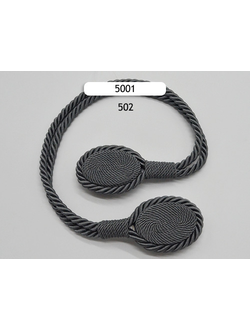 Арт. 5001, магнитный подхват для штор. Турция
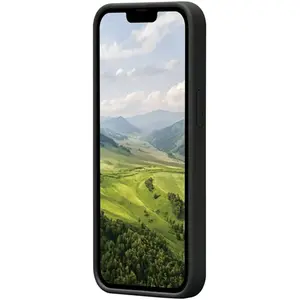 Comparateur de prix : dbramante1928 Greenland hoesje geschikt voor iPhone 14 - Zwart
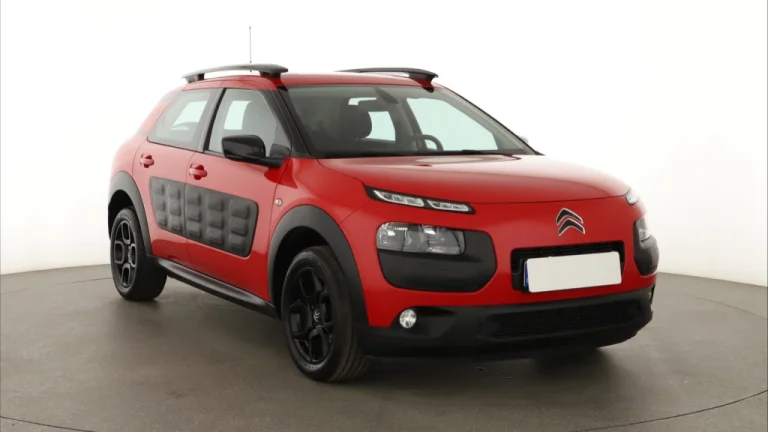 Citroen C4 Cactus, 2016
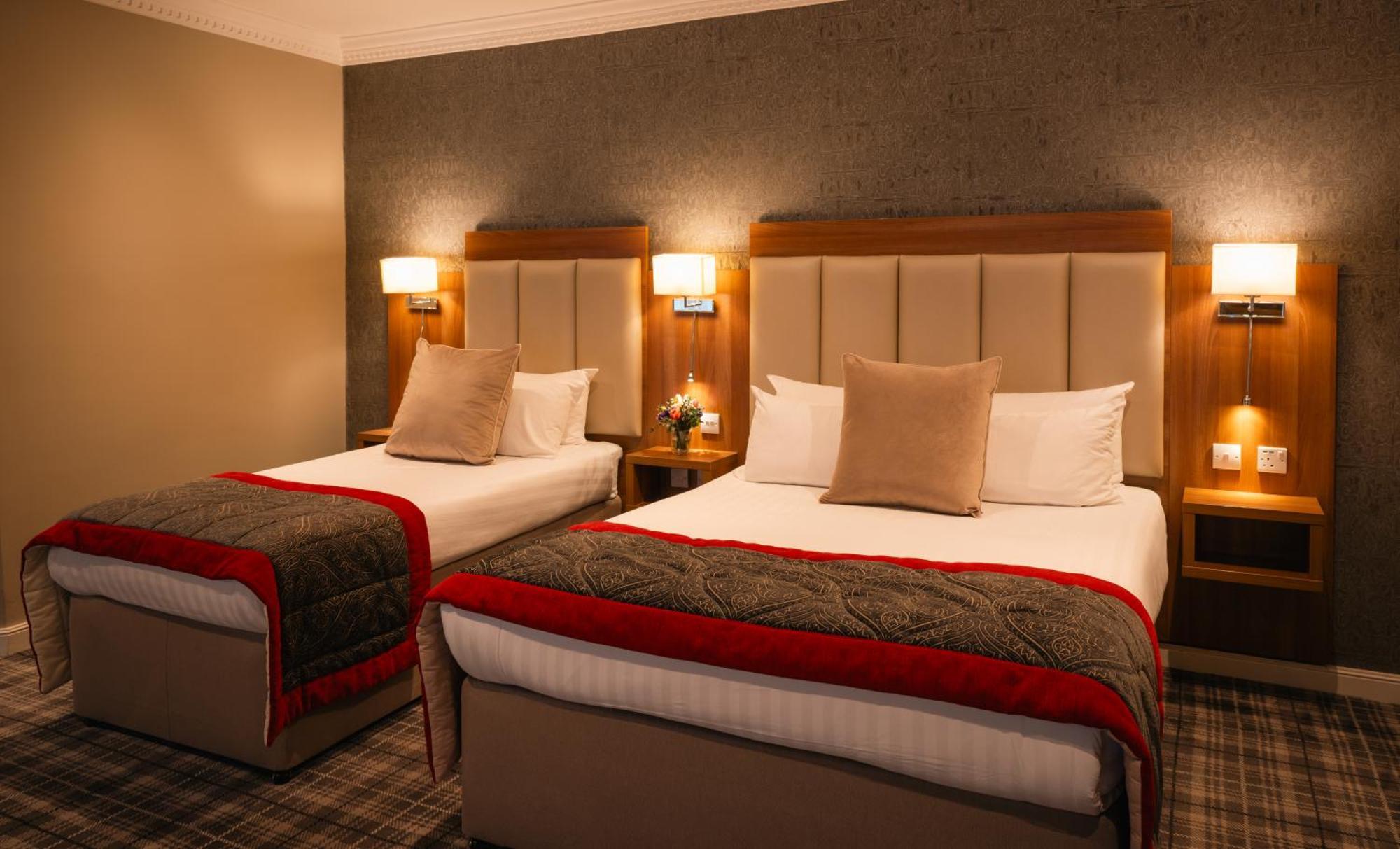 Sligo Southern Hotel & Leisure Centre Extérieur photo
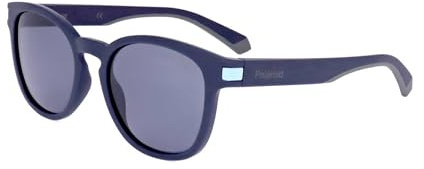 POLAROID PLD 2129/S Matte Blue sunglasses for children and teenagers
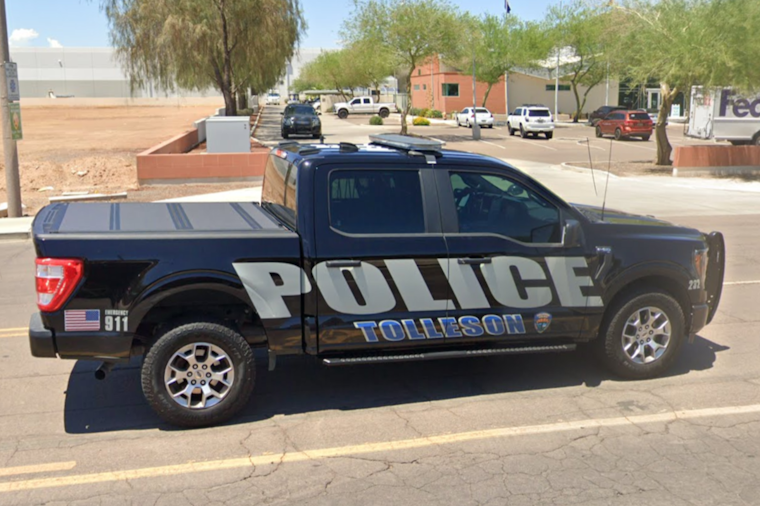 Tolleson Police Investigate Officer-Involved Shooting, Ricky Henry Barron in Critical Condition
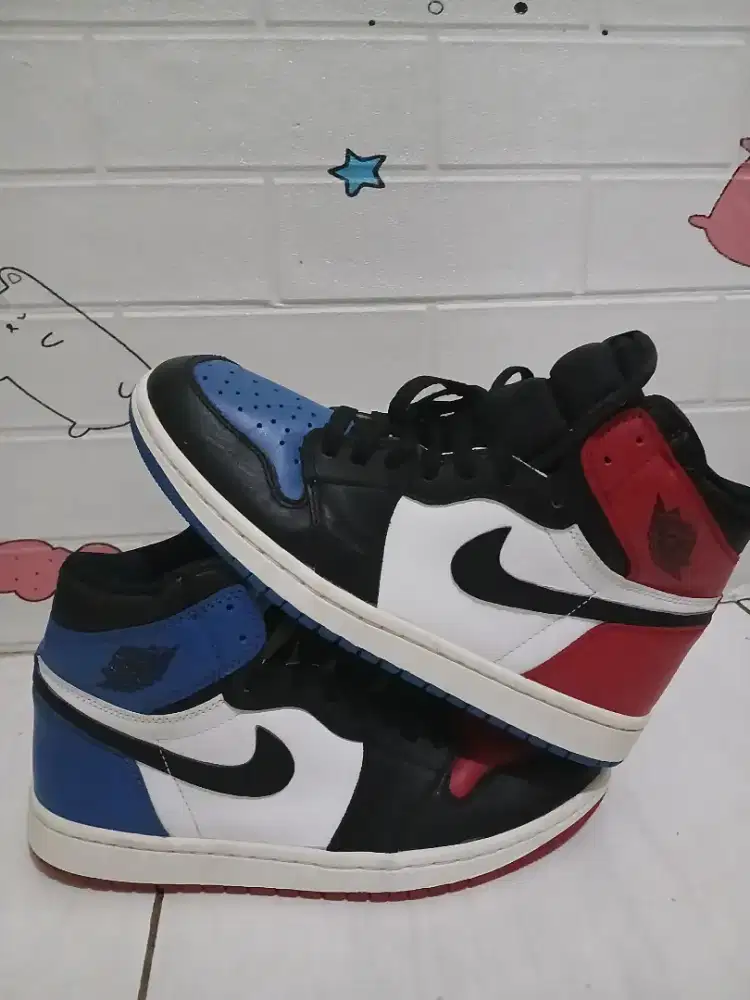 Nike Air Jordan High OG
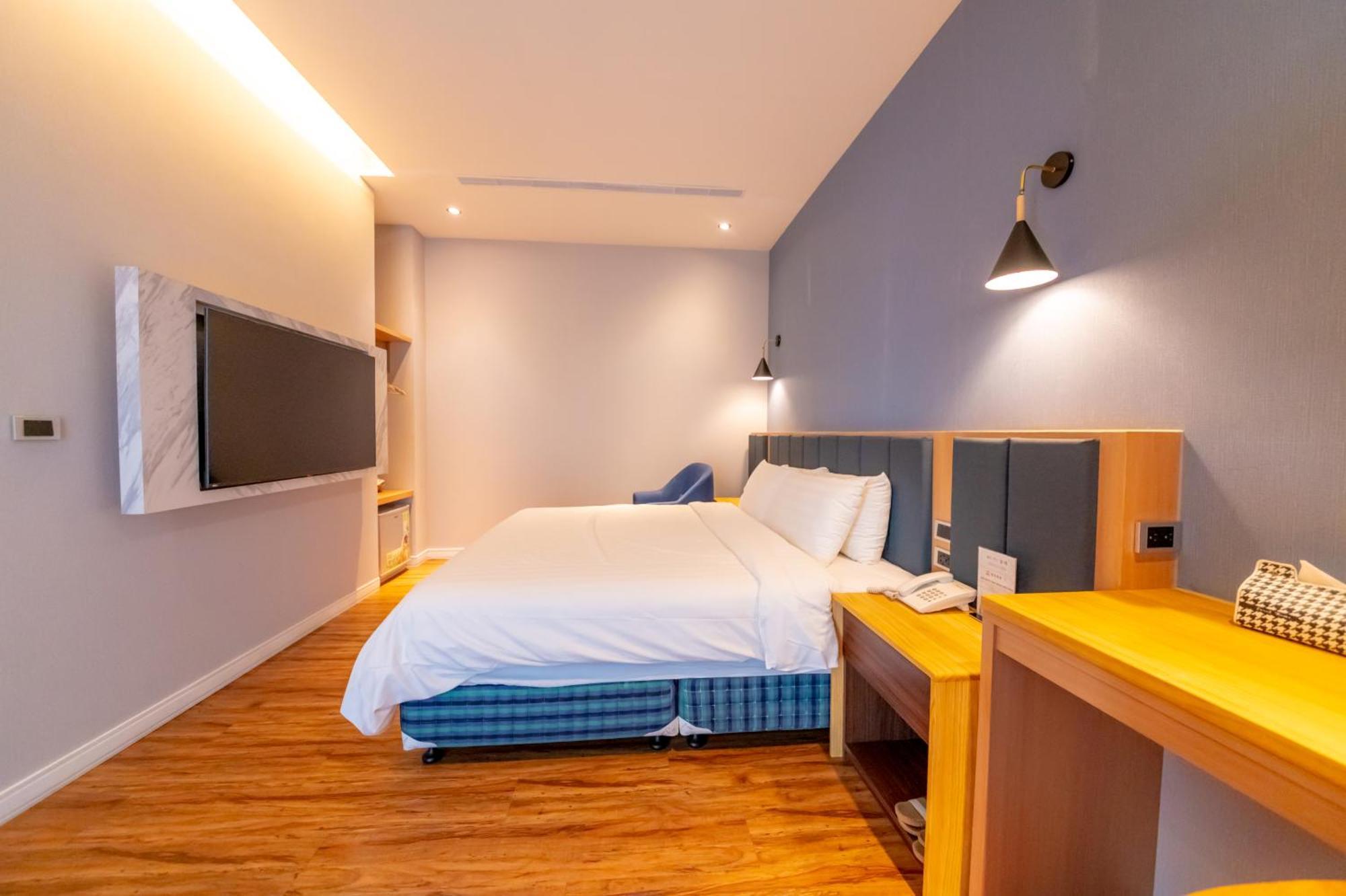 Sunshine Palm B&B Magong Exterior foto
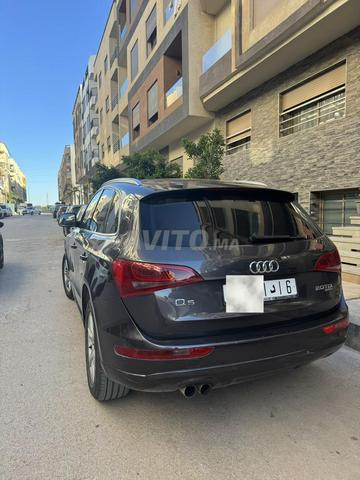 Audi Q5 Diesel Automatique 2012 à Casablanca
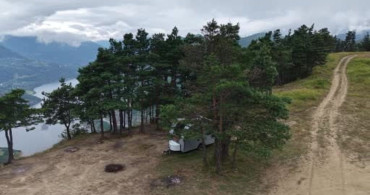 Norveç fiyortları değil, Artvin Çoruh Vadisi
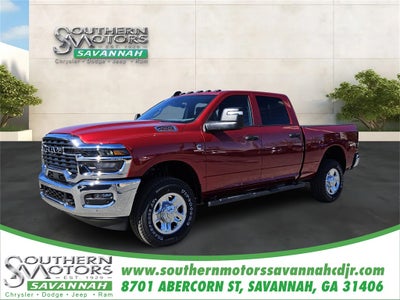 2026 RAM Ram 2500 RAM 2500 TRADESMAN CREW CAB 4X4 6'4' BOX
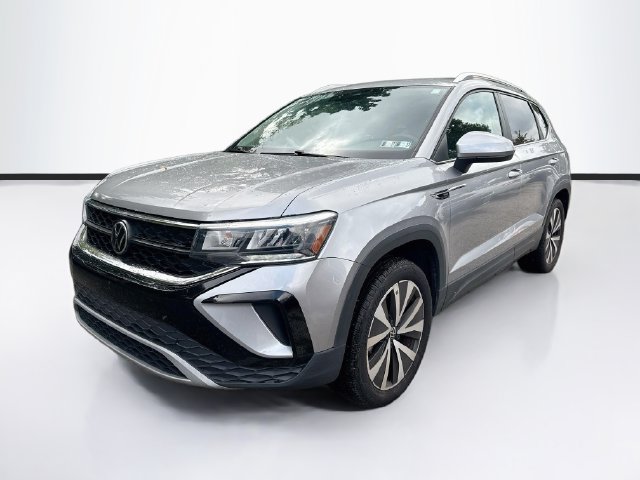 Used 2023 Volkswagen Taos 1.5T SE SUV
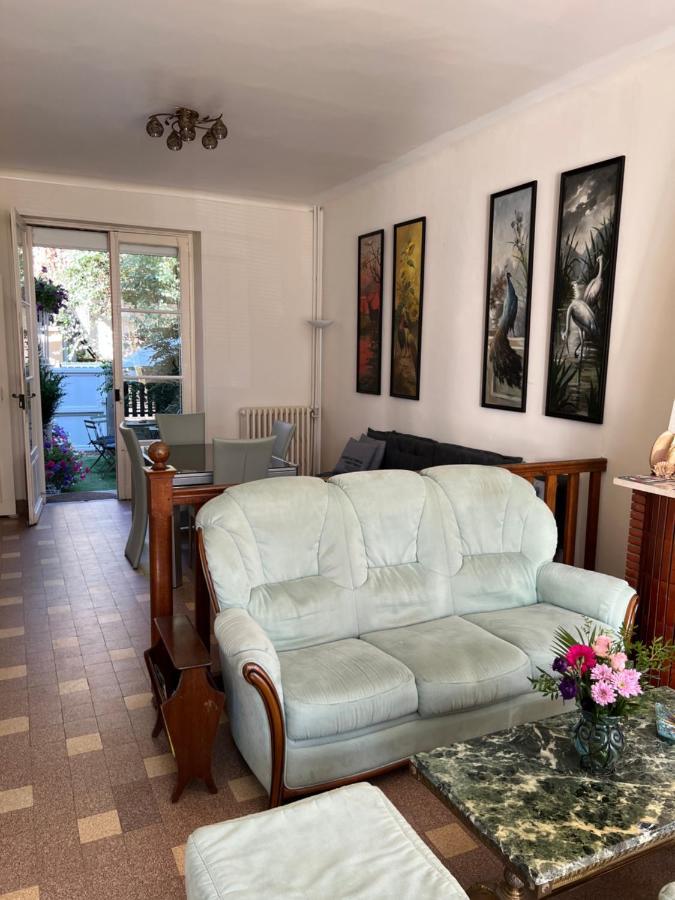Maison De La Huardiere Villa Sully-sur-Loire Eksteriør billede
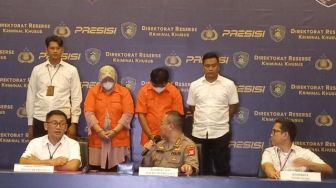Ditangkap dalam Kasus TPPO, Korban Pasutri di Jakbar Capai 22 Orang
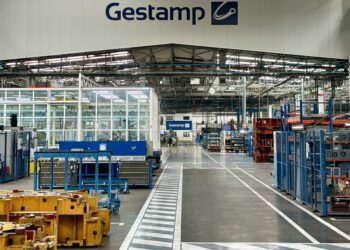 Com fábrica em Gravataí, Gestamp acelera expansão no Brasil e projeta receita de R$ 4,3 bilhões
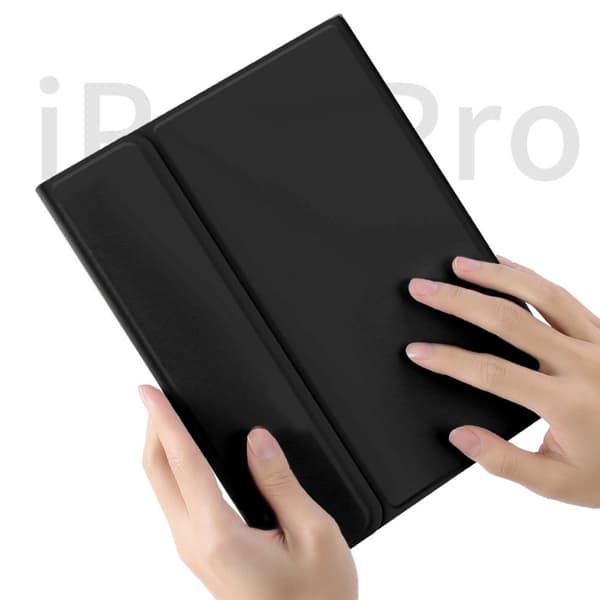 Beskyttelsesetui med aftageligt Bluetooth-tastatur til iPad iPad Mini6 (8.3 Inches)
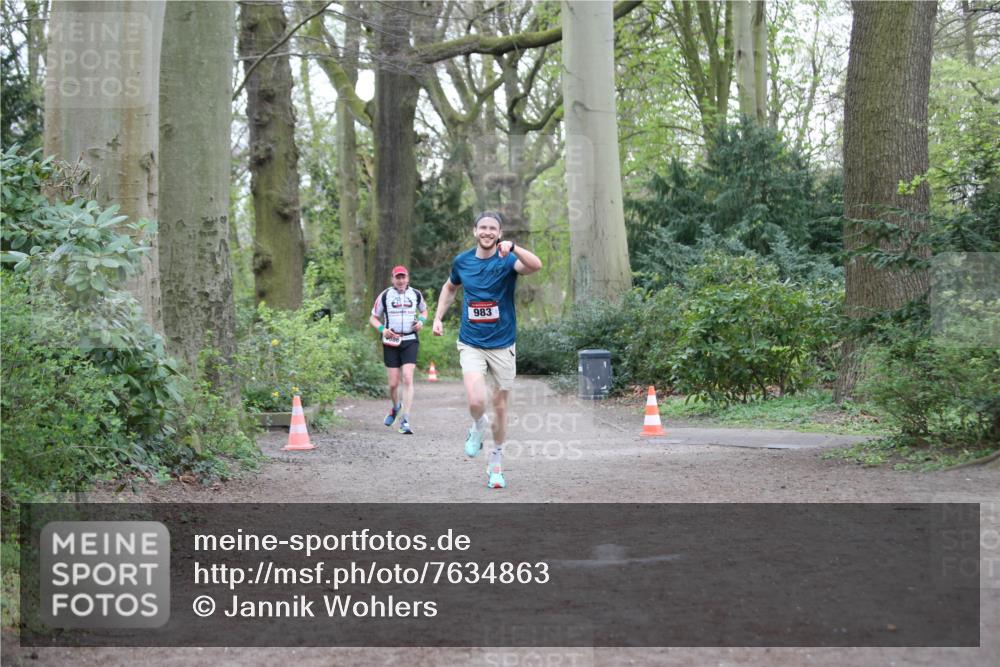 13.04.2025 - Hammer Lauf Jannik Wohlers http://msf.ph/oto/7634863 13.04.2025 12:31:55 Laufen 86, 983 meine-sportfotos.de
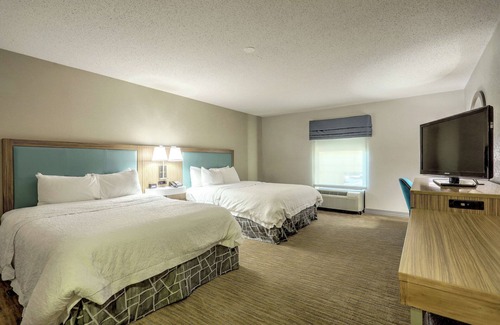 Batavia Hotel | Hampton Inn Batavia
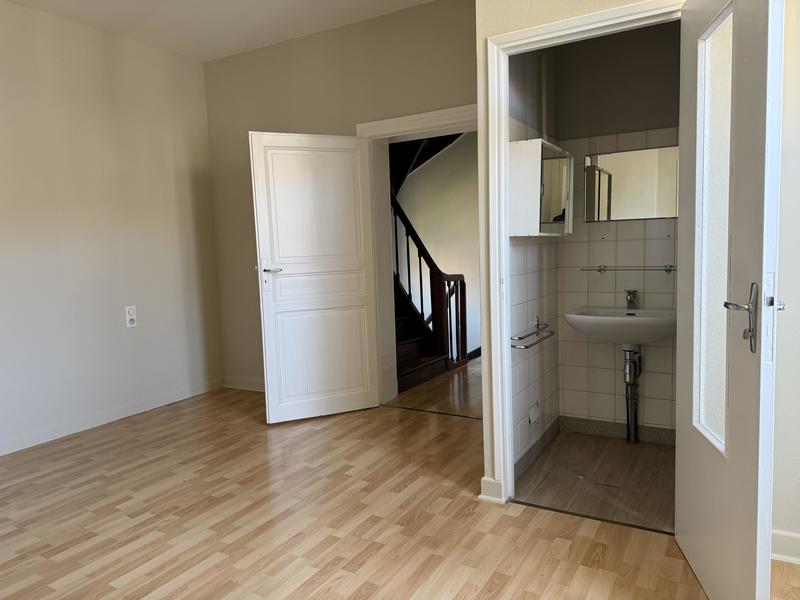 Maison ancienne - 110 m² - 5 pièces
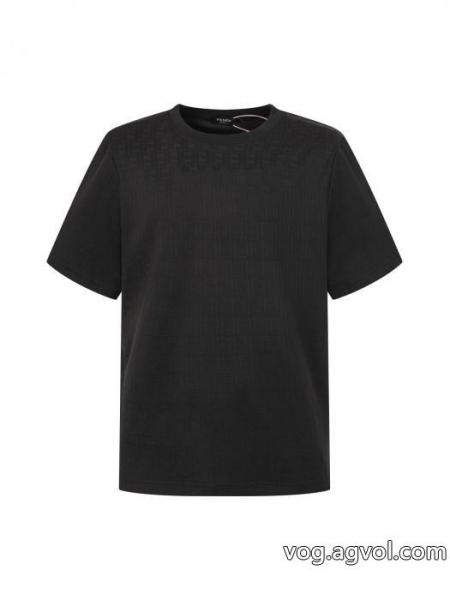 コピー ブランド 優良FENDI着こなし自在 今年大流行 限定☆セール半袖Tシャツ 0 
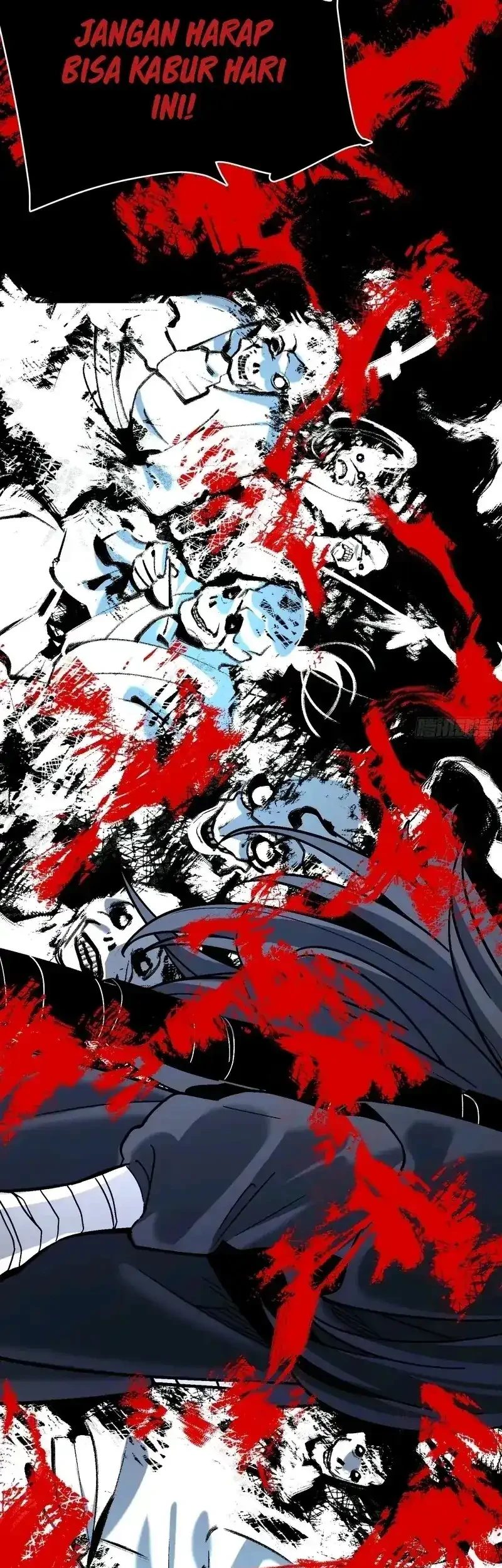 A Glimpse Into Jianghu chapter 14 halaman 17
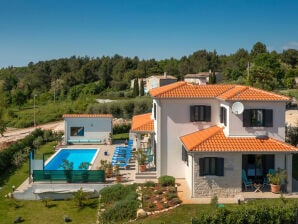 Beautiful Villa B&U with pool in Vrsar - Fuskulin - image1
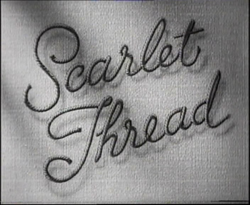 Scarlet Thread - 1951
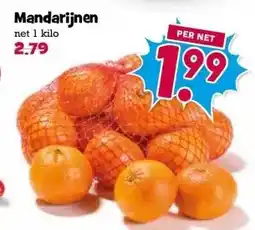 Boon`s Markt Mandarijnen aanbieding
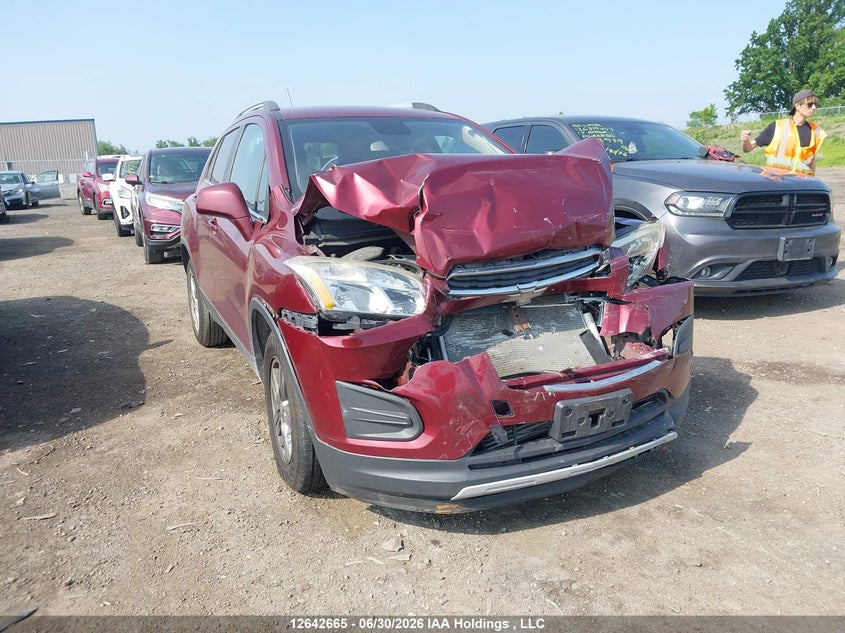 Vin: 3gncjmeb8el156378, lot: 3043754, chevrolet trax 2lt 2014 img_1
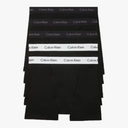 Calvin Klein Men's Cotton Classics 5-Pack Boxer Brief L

Work order - Return the whole listing exactly, minus its pictures.

Problem solution -
 Арт. 5001, магнитный подхват для штор. Турция
 Comparateur de prix : dbramante1928 Greenland hoesje geschikt voor iPhone 14 - Zwart
 Citroen C4 Cactus, 2016
 Sligo Southern Hotel & Leisure Centre Extérieur photo
 POLAROID PLD 2129/S Matte Blue sunglasses for children and teenagers
 Tolleson Police Investigate Officer-Involved Shooting, Ricky Henry Barron in Critical Condition
 Nike Air Jordan High OG
 Sunshine Palm B&B Magong Exterior foto
 Audi Q5 Diesel Automatique 2012 à Casablanca
 Norveç fiyortları değil, Artvin Çoruh Vadisi
 2026 RAM Ram 2500 RAM 2500 TRADESMAN CREW CAB 4X4 6'4' BOX
 Used 2023 Volkswagen Taos 1.5T SE SUV
Maison De La Huardiere Villa Sully-sur-Loire Eksteriør billede
Ditangkap dalam Kasus TPPO, Korban Pasutri di Jakbar Capai 22 Orang
 Com fábrica em Gravataí, Gestamp acelera expansão no Brasil e projeta receita de R$ 4,3 bilhões
 Beskyttelsesetui med aftageligt Bluetooth-tastatur til iPad iPad Mini6 (8.3 Inches)
 13.04.2025 - Hammer Lauf Jannik Wohlers http://msf.ph/oto/7634863 13.04.2025 12:31:55 Laufen 86, 983 meine-sportfotos.de
 Batavia Hotel | Hampton Inn Batavia
 Maison ancienne - 110 m² - 5 pièces
 コピー ブランド 優良FENDI着こなし自在 今年大流行 限定☆セール半袖Tシャツ 0 
 A Glimpse Into Jianghu chapter 14 halaman 17
 Beautiful Villa B&U with pool in Vrsar - Fuskulin - image1
 Scarlet Thread - 1951
 Boon`s Markt Mandarijnen aanbieding
 Vin: 3gncjmeb8el156378, lot: 3043754, chevrolet trax 2lt 2014 img_1
 Calvin Klein Men's Cotton Classics 5-Pack Boxer Brief L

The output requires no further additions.